David Card, a labor economics professor at the University of California in Berkeley, agreed. Immigrants from Mexico and other Latin American countries are not crossing the border for minimum wage jobs, but search for high wages -- $10 an hour for example -- working in construction or in the agricultural industry.
"Relatively few employers are paying below the minimum wage," he said. "For most, there is some 'don't ask don't tell.' They have some sort of document [from the immigrant] and they are hiring on the presumption the document is valid."
And while some believe these undocumented workers are taking away jobs from legal citizens, economists disagree. They say the demand for low wages workers is strong in this country and that the debate among economists focuses on whether or not these illegal workers depress the wages for these sorts of jobs.
"Being legal or illegal doesn't make a big difference in wages," concluded Peri. He said there have been a few studies examining the issue and that "the most important determinate of wages are skills, occupation, time in the job, experience in the country, level of English."

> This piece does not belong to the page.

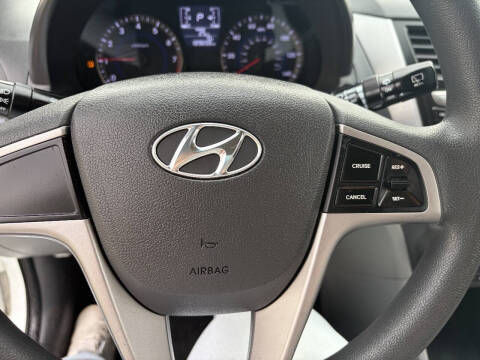 2015 Hyundai Accent GS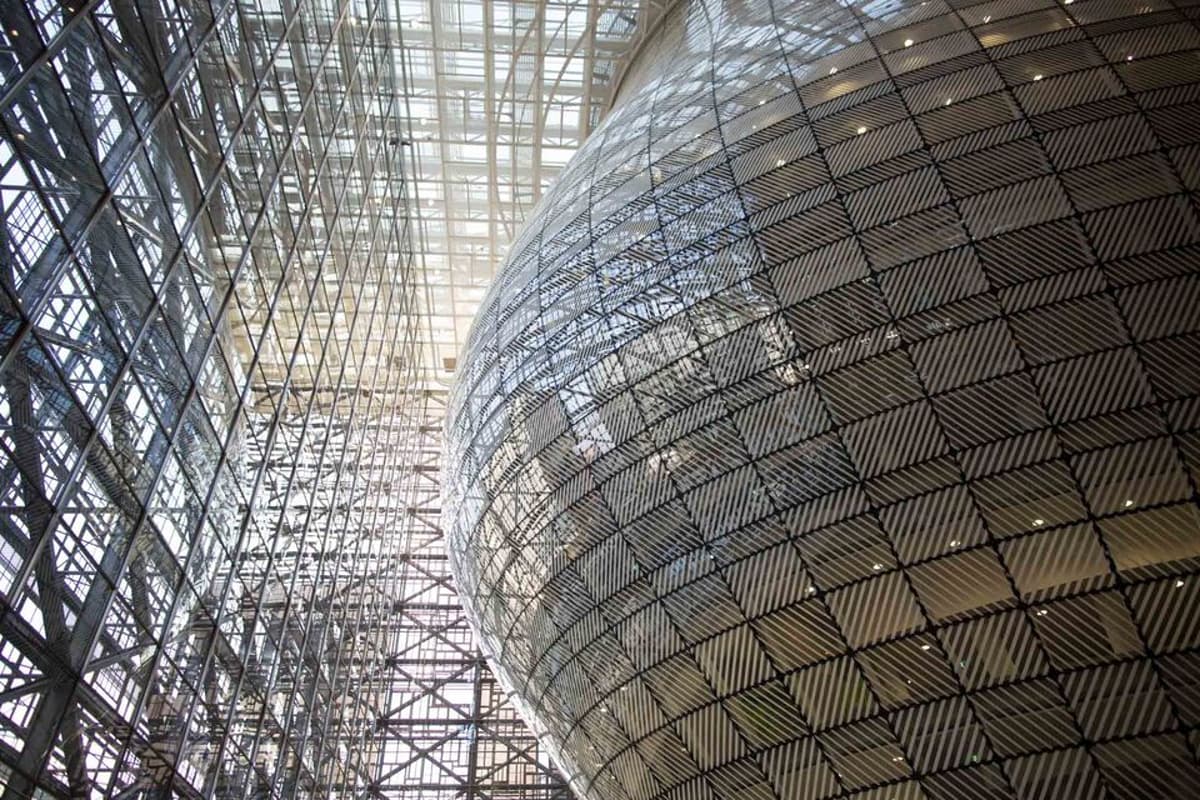 EU Mulls Gas Price Cap to Cut Power Bills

"If experience is any guide," said Gordon Hanson, director of the Center on Pacific Economies at the University of California in San Diego, "you saw some bump up in wages for workers who were legalized. But the evidence doesn't suggest these workers have more bargaining power, that suddenly legalization treats you better. It means you are more mobile and you can take advantage of new opportunities that come along that you would be reluctant to with illegal status."
One impact that could be felt years from now will be to the nation's social service programs such as education, Medicare and welfare.
"Looking 10 years down the line," said Hanson, "this is what I view as big flaw in immigration reform. It doesn't address the fiscal costs."
Others believe this impact could be balanced by an increase in taxes that would be paid by these now legalized workers.
So while the legalization would be a huge change in the lives of the millions of undocumented immigrants currently in this country, economists believe the short-term economic impact will be limited.
"You can legalize, but the fundamentals of their employment won't change," said Orrenius. "They will be in same job."